What do you feel when you are on your bike waiting for “the touch on the shoulder” from the marshal at the start of a race?

Nerves. Lots of nerves! I always feel like my legs are going to give way and worry I might fluff the start. Those 10 seconds seem to take forever too and everything goes in slow motion, but then, you get the tap and you’re off and you leave all those nerves on the start line.


Why did you retired, then?

I was in a relationship and we were discussing having a family at some point. I was 36 (which was also my race number in that race) and if I was going to have children, I didn’t want to leave it too much longer. I’d also lost a lot of friends in the previous few years, most recently one of my good friends and team mate, Andrew Neill, who was killed just 6 weeks before the start of the event and to be honest, Andrew was the straw that broke the camel’s back. I was pretty devastated, not least for his lovely wife and my friend, Sharon. I had wanted to do a TT before retiring, but after that, I decided not to bother and I went into the event knowing it would be my last proper road race. Of course, I didn’t tempt fate by telling anyone this.


Now you are a member of the MGP organization. Are you trying to increase in some way the number of girls competing on the Isle of Man?

No. Not really. Whilst I do follow other women racers and am friends with most that I meet, I don’t consider it my aim to increase the amount of women in the sport. I give a lot of encouragement to those who want to follow that path and will do everything I can to help them, but ‘real’ road racing would not be for everyone, whether male or female.


What would you do if one of your daughters tells you one day that she wants to race on the Isle of Man?
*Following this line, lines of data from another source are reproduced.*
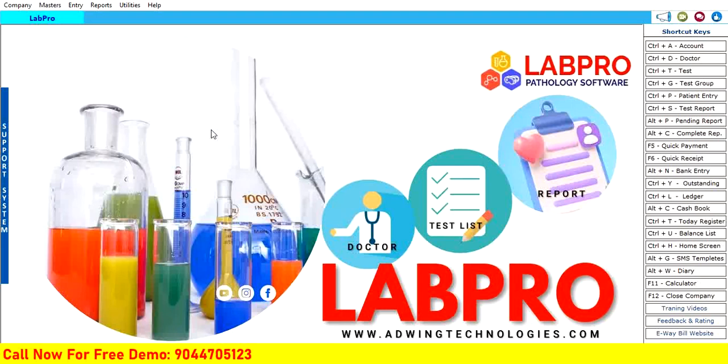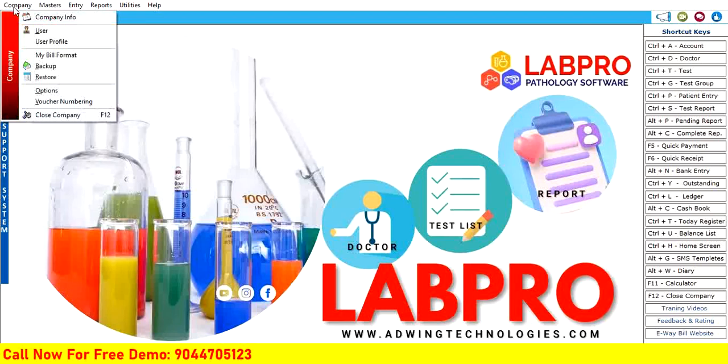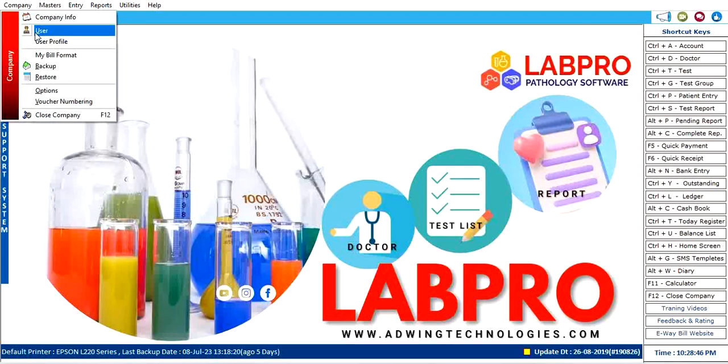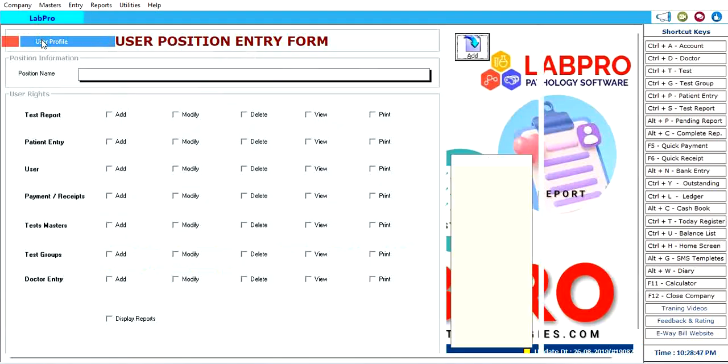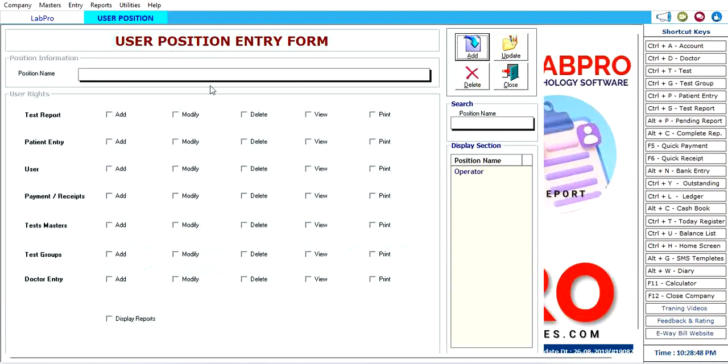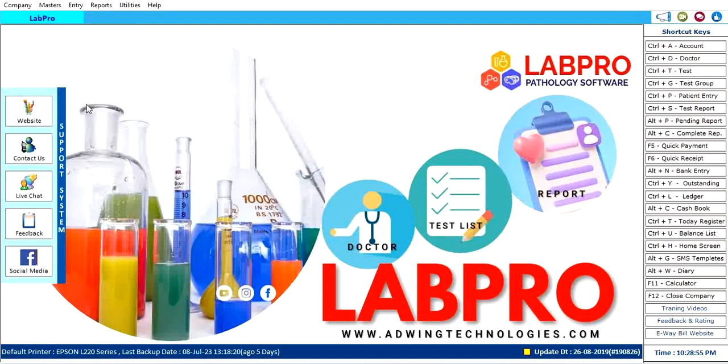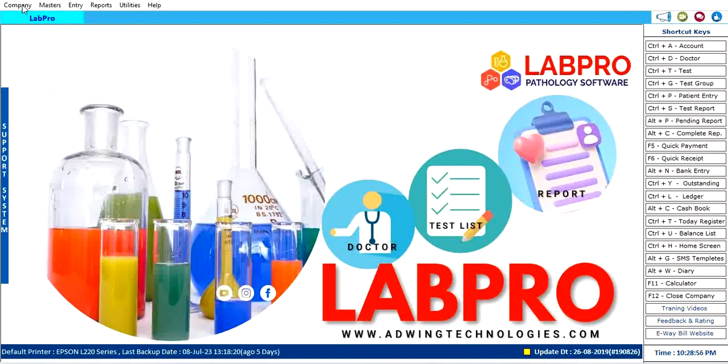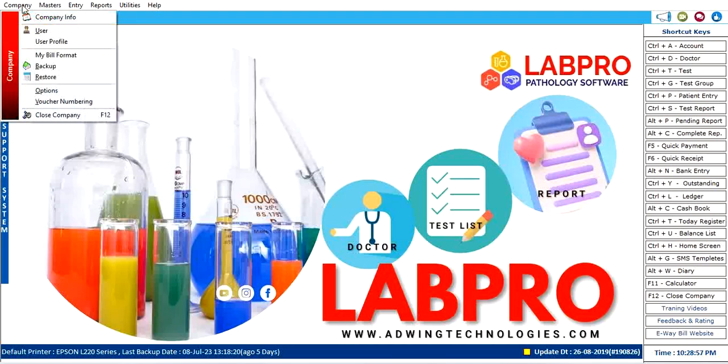First of all, you need to manage users. If you want to use pathologist on the panel, you have to manage user and user profile. Here you have to give some permissions to add, modify, delete, or use these settings.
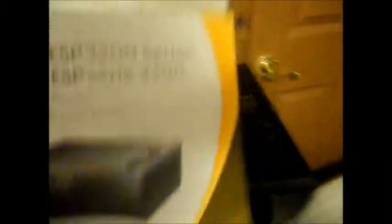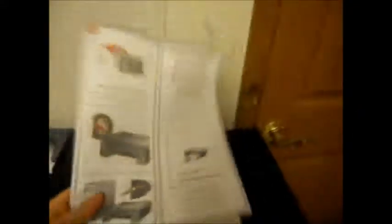The stuff that is included in the box: the software, the manual, free photo paper, and the setup guide.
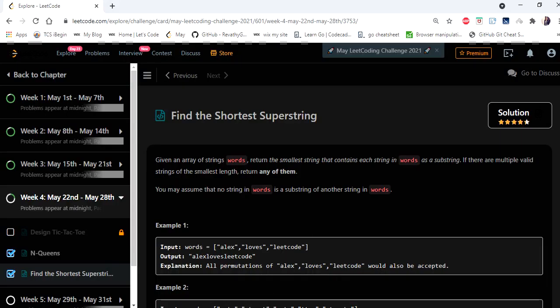Hello everyone, welcome to Coders Camp. We are on the 23rd day of the LeetCode challenge, and the problem we are going to cover in this video is 'Find the Shortest Superstring'. The input is a string array and we have to return the minimum or smallest string that contains each string in words as a substring.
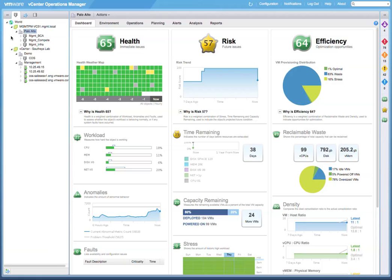Organizations may have varying business needs across their production versus test dev versus infrastructure IT environments. For example, in production, they may want to optimize for performance, but in test dev, they may want to optimize for higher density.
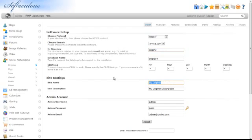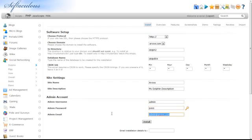Enter your website's name, followed by a description. Enter a username and a password for the administrator, followed by their email address.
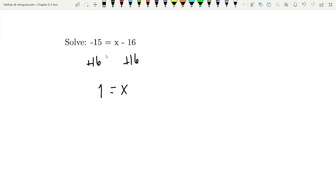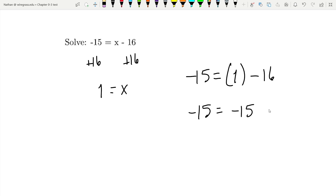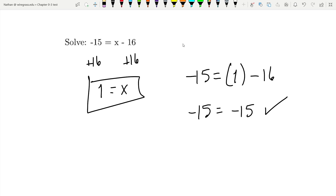You can, of course, plug that back into here and solve. So, negative 15 equals 1 for x, and then minus 16. Negative 15 equals 1 minus 16, which is negative 15, and negative 15 does equal negative 15. So, x equals 1 is the correct solution.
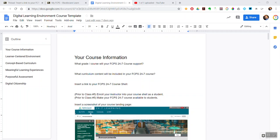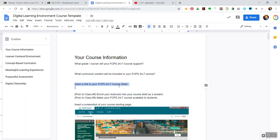Hi there. I assume you're asking about this part of the Digital Learning Environment course template that you'll turn in at the end of the Academy class, where it says insert a link to your FCPS 24-7 course shell.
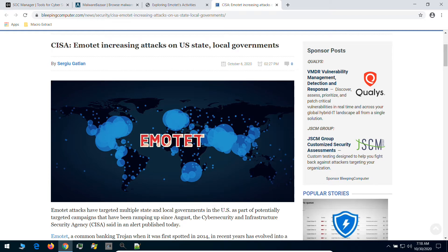Hi everyone. Today we will do some forensic work. As you know, Emotet is a malware which is spreading around the world. Today we will look at one of the infected Microsoft Word documents and we will analyze it.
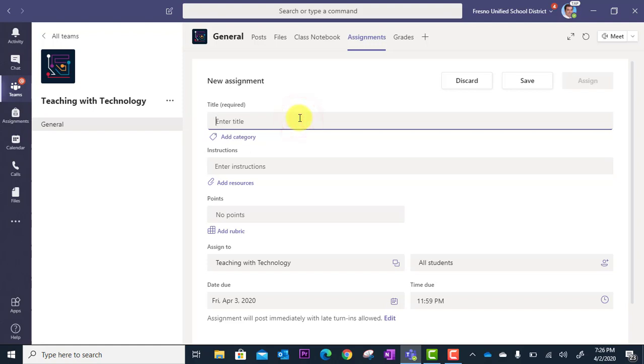So this is a social studies assignment, for example. So I'm just going to put SS, and then I'm going to put 13 colonies.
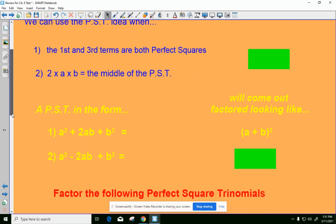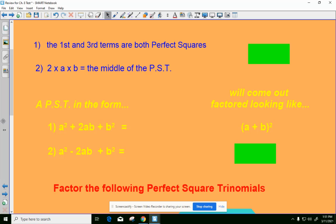If your middle is negative instead of positive, your answer will be A minus B quantity squared. This shortcut doesn't work for every problem — they have to fit the form. If they don't, we have to find the greatest common factor, use the factorable trinomial method, or use ACB. But if it fits, we get the answer quickly.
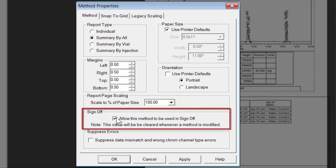It is important to note that if you modify the report method after sign-off is enabled, Empower will automatically disable sign-off on the report method. For this reason, enabling signatures should be the last step before saving the report method.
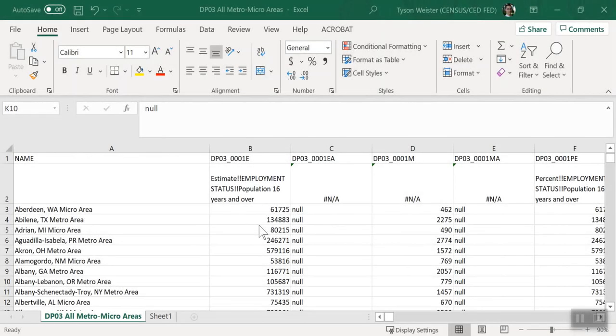Did you know that in just a few steps, you can use the Census Bureau's Application Programming Interface, or API, to get results that look very similar to table downloads from data.census.gov? One of the nice features of the API is that it provides the flexibility to quickly get your results across a collection of geographies, such as all metropolitan areas or congressional districts in the United States.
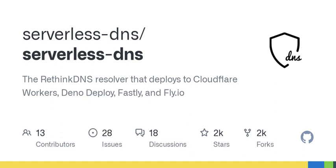Welcome to today's episode of Tech Talk Today, where we dive deep into the fascinating world of technology and the tools that shape our digital experiences. I'm your host, and today we're exploring an innovative and essential service in our online lives: a self-hosted serverless DNS resolver.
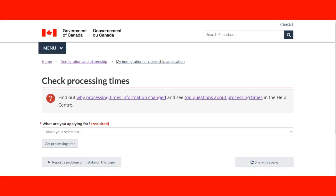Welcome to our lecture on checking processing times. Let's imagine that you have finished your application, sent it, and everything went well. Now comes the question: when are you going to get the notification from CIC? When will I know that my process is done and I'm going to get my work permit? For that, we're going to go to this web page of the Government of Canada.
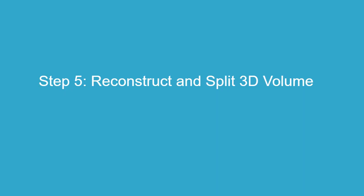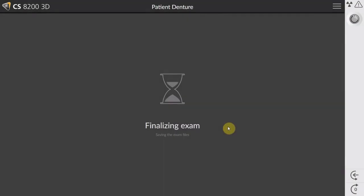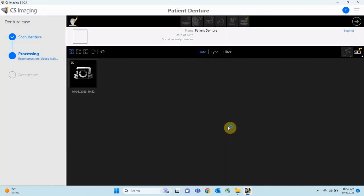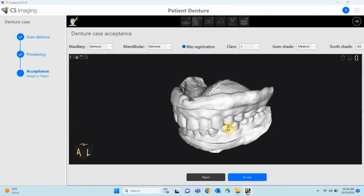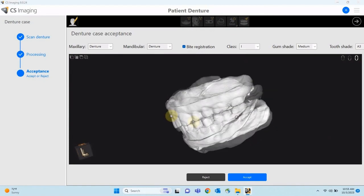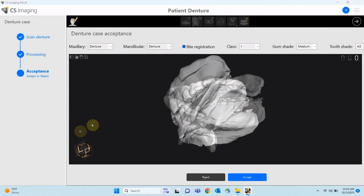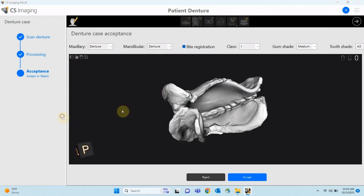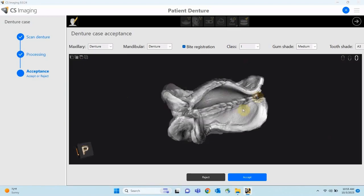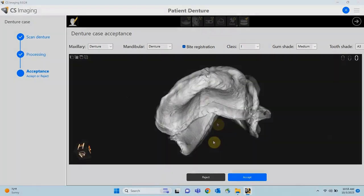Step 5: Reconstruct and Split 3D Volume. After the scan is complete, the imaging software generates 3D models of the dentures. Allow the software to create a 3D rendering. The system will split the CBCT DICOM into two separate STL files.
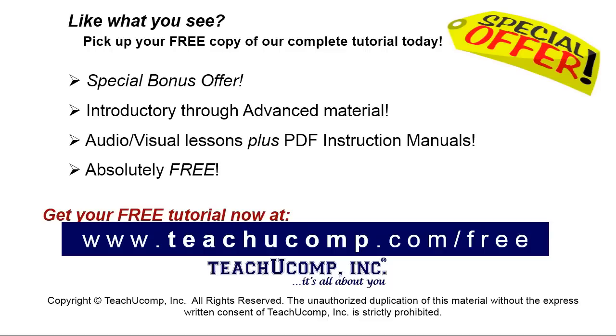Like what you see? Pick up your free copy of the complete tutorial at www.teachucomp.com/free.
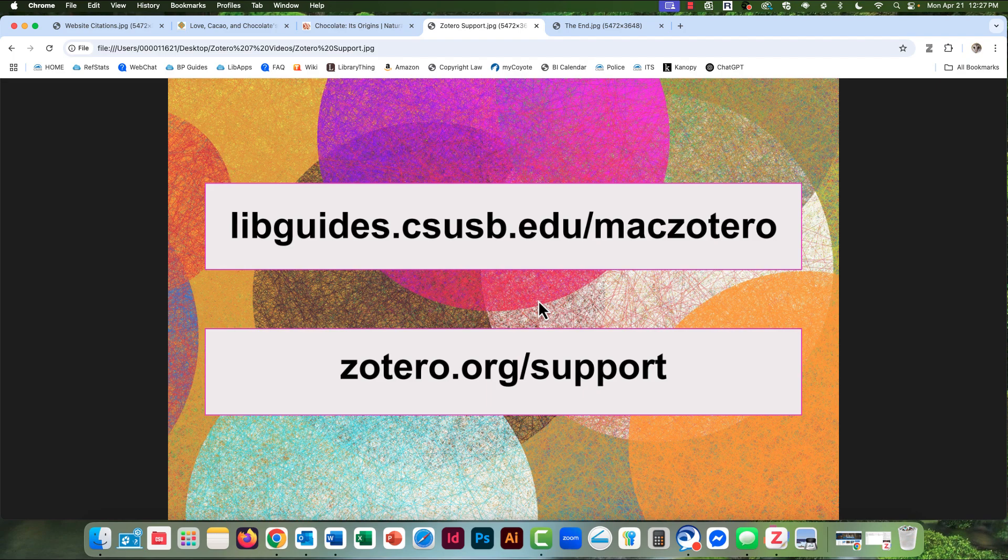Don't miss the library's written and illustrated guide to Zotero 7 for Mac at libguides.csusb.edu/maczotero. It has a detailed overview of Zotero 7's basic functions. Want to go beyond the basic functions? Go to zotero.org/support to start exploring.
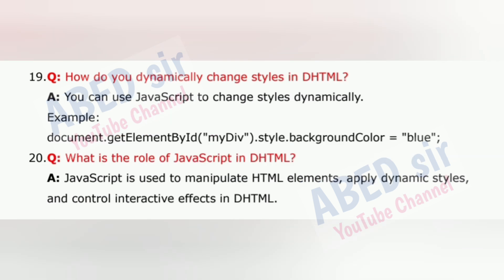Question 19: How do you dynamically change styles in DHTML? You can use JavaScript to change styles dynamically. Example: document.getElementById('myDiv').style.backgroundColor = 'blue'.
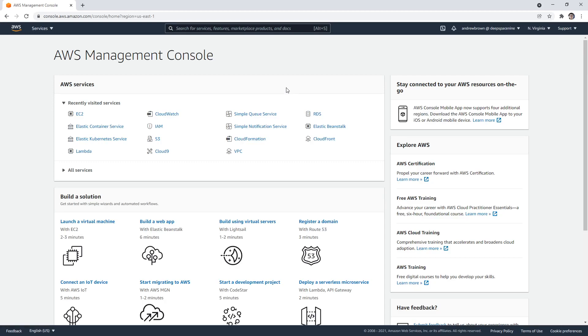Alright, so I wanted to show an example of edge computing, because we didn't cover it in our generic compute. And there's a variety of services that allow you to do edge computing like Wavelength.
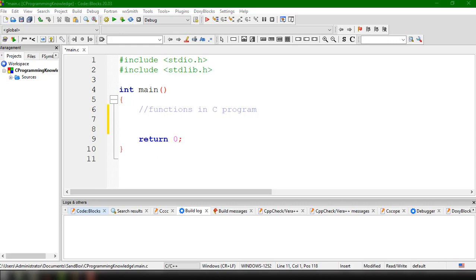We have topics like Python, Java, JavaFX, C programming, and many other topics regarding programming. So now let's talk about the benefits of using functions in C.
I was going to mention my 3 daughters in the last question! To be honest, I don’t know. They’re only little at the minute, so my instant reaction would be ‘no way’! I’m sure I would feel differently if they said it to me at the age of 18+ and they had been racing various motorcycles before then. I don’t know… I have at Least 13 years before any of them is old enough to even consider it! As a foot note, I was about 16 when I first dreamed about racing the Isle of Man TT Mountain Course, but I was 30 before it became a reality, so here’s hoping I have that long to get used to the idea if any of my girls decide they would like to.


What kind of relationship you had with your male “colleagues” at your first attempt on the Mountain Course? And what was the reaction, and still is, of the male riders you beated at the MGP back in 2009?

I never had any real problems with any of the men I raced against and there’s only been one that I can think of, who has had a bad reaction to me beating him, but he was an idiot anyway and it was a great pleasure to beat him several times on several circuits! There has been a few people who have said things behind my back since the win, but mostly they’re people who had no chance of beating me anyway, so I take no notice. That’s all jealousy, but not from the people that I was actually competing with or against. I had a good relationship with most of the people I raced with and they all told me they felt safe racing with me, as I was smooth and neat, which is what we all like from those that we race closely with. Generally, I have had a fantastic reaction to my win on the TT course and people still speak to me about it now.


Is there a possibility you come back racing one day?

I’m afraid not, not on real roads on motorcycle. In a rally car though? Possibly… watch this space!